Terlebih Nabi saw menjelaskan dalam hadits bahwa setan itu sudah ada yang menjadi qarin (kan mendampingi ke mana pun) manusia dari sejak lahirnya. Jadi dari sejak bayinya manusia sudah dihafal segala kekurangannya oleh setan. Dari sejak ia masih lengah, sudah dibisikkan hal-hal yang jelek oleh setan qarin ini.
مَا مِنْكُمْ مِنْ أَحَدٍ إِلاَّ وَقَدْ وُكِّلَ بِهِ قَرِينُهُ مِنَ الْجِنِّ. قَالُوا وَإِيَّاكَ يَا رَسُولَ اللَّهِ قَالَ وَإِيَّاىَ إِلاَّ أَنَّ اللَّهَ أَعَانَنِى عَلَيْهِ فَأَسْلَمَ فَلاَ يَأْمُرُنِى إِلاَّ بِخَيْرٍ
“Tidak ada seorang pun dari kalian kecuali telah dikirim jin sebagai qarin (yang menyertai)-nya.” Shahabat bertanya: “Termasuk anda, Rasulullah?” Beliau menjawab: “Saya juga, tetapi Allah telah melindungiku dari kejahatannya, malah ia masuk Islam, sehingga ia tidak memerintahku kecuali kebaikan.” (Shahih Muslim kitab shifatil-qiyamah bab tahrisyis-syaithan no. 7286).
Kedua, setan mempunyai keturunan yang akan hidup kekal sampai hari kiamat. Artinya setan lebih banyak daripada manusia. Berarti juga lebih banyak penggoda daripada yang digoda. Jadi di samping sudah sangat pengalaman mencelakakan manusia, jumlah setan dari bangsa jin juga lebih banyak daripada manusia.
Iblis menjawab: “Beri tangguhlah saya sampai waktu mereka dibangkitkan“. Allah berfirman: “Sesungguhnya kamu termasuk mereka yang diberi tangguh.” (QS. al-A’raf [7] : 14-15. Ayat semakna ada dalam QS. al-Hijr [15] : 36-38, Al-Kahfi [18] : 50Shad [38] : 79-81].

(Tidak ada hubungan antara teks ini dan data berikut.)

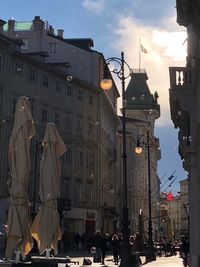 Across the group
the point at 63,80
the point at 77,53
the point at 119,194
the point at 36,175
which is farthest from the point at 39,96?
the point at 119,194

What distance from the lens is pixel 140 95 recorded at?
10394cm

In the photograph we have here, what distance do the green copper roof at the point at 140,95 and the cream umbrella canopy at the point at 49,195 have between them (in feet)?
280

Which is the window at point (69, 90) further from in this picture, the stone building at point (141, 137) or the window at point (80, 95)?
the stone building at point (141, 137)

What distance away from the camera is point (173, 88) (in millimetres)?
19078

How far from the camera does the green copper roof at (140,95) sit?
10356cm

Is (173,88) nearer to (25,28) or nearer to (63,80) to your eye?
(63,80)

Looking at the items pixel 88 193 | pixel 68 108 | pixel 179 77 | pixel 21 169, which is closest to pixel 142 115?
pixel 88 193

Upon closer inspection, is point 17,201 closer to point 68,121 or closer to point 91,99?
point 68,121

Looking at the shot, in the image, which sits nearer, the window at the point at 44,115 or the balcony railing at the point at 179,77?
the balcony railing at the point at 179,77

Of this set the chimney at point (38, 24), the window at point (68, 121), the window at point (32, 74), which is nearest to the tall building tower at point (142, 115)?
the chimney at point (38, 24)

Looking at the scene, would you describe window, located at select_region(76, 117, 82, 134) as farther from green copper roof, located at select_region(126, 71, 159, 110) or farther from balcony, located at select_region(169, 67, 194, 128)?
green copper roof, located at select_region(126, 71, 159, 110)

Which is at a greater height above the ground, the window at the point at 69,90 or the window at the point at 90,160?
the window at the point at 69,90

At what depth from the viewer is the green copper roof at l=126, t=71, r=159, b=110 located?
340 ft

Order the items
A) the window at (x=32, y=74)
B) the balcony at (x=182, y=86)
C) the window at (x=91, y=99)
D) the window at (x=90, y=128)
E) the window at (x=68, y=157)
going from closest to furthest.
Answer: the balcony at (x=182, y=86)
the window at (x=32, y=74)
the window at (x=68, y=157)
the window at (x=90, y=128)
the window at (x=91, y=99)
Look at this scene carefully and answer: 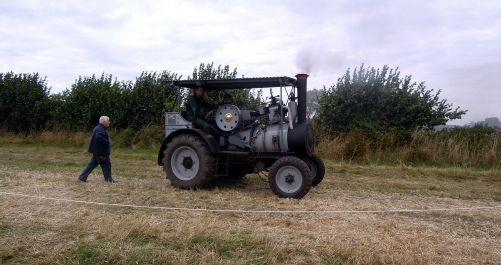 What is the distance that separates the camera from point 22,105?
2125 centimetres

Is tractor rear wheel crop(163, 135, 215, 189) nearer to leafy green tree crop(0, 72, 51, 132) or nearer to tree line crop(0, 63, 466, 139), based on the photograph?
tree line crop(0, 63, 466, 139)

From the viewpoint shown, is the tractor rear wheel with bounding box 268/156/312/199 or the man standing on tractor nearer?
the tractor rear wheel with bounding box 268/156/312/199

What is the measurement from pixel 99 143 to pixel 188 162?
194 cm

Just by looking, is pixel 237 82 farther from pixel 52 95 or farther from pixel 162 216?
pixel 52 95

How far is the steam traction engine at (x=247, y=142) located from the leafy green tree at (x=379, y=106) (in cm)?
748

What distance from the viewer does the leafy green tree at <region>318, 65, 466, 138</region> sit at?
15.0 metres

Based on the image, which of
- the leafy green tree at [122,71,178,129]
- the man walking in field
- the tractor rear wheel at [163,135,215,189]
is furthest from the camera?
the leafy green tree at [122,71,178,129]

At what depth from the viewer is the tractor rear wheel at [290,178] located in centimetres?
704

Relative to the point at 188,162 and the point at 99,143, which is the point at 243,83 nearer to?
the point at 188,162

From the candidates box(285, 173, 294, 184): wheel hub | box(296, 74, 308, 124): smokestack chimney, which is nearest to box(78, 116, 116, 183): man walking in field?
box(285, 173, 294, 184): wheel hub

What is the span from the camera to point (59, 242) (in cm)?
470

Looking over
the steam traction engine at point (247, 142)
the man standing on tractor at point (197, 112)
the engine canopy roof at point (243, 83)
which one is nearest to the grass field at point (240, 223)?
the steam traction engine at point (247, 142)

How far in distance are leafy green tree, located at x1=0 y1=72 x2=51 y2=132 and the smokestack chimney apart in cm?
1692

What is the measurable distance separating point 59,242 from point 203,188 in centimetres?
342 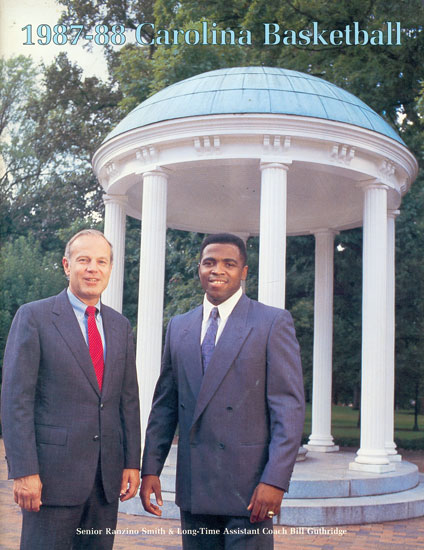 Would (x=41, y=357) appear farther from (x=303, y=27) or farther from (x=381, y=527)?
(x=303, y=27)

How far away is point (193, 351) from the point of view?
5473 mm

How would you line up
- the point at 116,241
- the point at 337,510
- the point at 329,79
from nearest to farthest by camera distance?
1. the point at 337,510
2. the point at 116,241
3. the point at 329,79

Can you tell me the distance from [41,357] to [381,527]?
27.8 feet

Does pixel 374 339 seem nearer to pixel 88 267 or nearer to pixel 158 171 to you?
pixel 158 171

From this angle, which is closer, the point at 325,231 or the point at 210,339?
the point at 210,339

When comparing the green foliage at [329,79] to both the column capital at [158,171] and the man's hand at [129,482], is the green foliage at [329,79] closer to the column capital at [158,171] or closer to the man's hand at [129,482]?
the column capital at [158,171]

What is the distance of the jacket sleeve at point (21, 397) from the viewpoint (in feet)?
16.5

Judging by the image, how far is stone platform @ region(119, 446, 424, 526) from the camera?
11.4m

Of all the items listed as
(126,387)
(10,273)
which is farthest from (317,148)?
(10,273)

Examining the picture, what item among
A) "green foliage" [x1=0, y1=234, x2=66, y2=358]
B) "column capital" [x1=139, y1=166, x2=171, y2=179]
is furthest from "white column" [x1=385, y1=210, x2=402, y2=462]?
"green foliage" [x1=0, y1=234, x2=66, y2=358]

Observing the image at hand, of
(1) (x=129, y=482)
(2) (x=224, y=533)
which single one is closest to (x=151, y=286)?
(1) (x=129, y=482)

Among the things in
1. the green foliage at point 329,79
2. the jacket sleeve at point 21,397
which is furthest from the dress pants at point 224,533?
the green foliage at point 329,79

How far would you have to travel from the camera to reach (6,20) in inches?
362

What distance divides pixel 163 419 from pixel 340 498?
309 inches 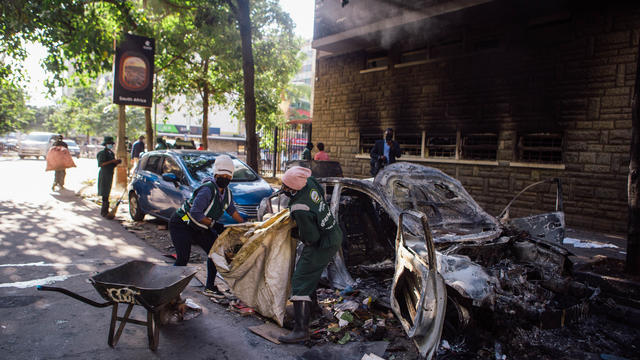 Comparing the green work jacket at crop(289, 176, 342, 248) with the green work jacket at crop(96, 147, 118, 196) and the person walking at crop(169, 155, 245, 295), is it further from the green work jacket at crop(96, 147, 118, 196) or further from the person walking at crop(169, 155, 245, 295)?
the green work jacket at crop(96, 147, 118, 196)

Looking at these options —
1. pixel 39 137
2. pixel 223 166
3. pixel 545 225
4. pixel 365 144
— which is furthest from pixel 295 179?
pixel 39 137

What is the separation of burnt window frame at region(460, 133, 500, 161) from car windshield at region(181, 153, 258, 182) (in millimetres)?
6060

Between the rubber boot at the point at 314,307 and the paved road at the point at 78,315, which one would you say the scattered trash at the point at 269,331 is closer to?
the paved road at the point at 78,315

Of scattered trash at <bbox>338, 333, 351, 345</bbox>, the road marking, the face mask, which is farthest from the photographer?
the road marking

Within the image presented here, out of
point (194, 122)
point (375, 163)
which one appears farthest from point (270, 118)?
point (194, 122)

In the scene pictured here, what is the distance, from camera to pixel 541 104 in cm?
901

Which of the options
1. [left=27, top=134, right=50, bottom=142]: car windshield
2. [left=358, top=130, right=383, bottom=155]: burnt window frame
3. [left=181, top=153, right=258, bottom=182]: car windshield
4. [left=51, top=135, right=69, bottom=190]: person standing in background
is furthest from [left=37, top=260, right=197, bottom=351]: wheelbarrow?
[left=27, top=134, right=50, bottom=142]: car windshield

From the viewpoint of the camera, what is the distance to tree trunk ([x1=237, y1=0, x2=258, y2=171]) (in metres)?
9.61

Ketiga, setan jin bekerja sama dengan setan manusia untuk menjerumuskan manusia. Itu artinya, manusia diserang oleh dua musuh sekaligus; setan jin dan setan manusia. Jadi sangat masuk diakal kalau manusia pasti akan selalu kalah menghadapi setan sendirian jika tanpa pertolongan Allah swt.
Dan demikianlah Kami jadikan bagi tiap-tiap nabi itu musuh, yaitu syaitan-syaitan (dari jenis) manusia dan (dari jenis) jin, sebahagian mereka membisikkan kepada sebahagian yang lain perkataan-perkataan yang indah-indah untuk menipu (manusia). Jika Tuhanmu menghendaki, niscaya mereka tidak mengerjakannya, maka tinggalkanlah mereka dan apa yang mereka ada-adakan (QS. Al-An’am [6] : 112).
Keempat, setan bisa melihat manusia, sementara manusia tidak bisa melihat setan. Normalnya, dalam sebuah pertarungan pasti pihak yang bisa melihatlah yang akan menang, sementara yang tidak bisa melihat pasti kalah.
Hai anak Adam, janganlah sekali-kali kamu dapat ditipu oleh syaitan sebagaimana ia telah mengeluarkan kedua ibu bapakmu dari surga, ia menanggalkan dari keduanya pakaiannya untuk memperlihatkan kepada keduanya `auratnya. Sesungguhnya ia dan pengikut-pengikutnya melihat kamu dari suatu tempat yang kamu tidak bisa melihat mereka. Sesungguhnya Kami telah menjadikan syaitan-syaitan itu pemimpin-pemimpin bagi orang-orang yang tidak beriman (QS. Al-A’raf [7] : 27).
Kelima, setan selalu bersemangat menggoda manusia dan itu dilakukan tanpa henti dengan berbagai cara. Sementara manusia seringkali tidak siap menangkalnya dari berbagai cara juga. Ibadah dan dzikirnya kadang sangat monoton dan minimalis. Maka pasti akan sering kalahnya dari godaan setan.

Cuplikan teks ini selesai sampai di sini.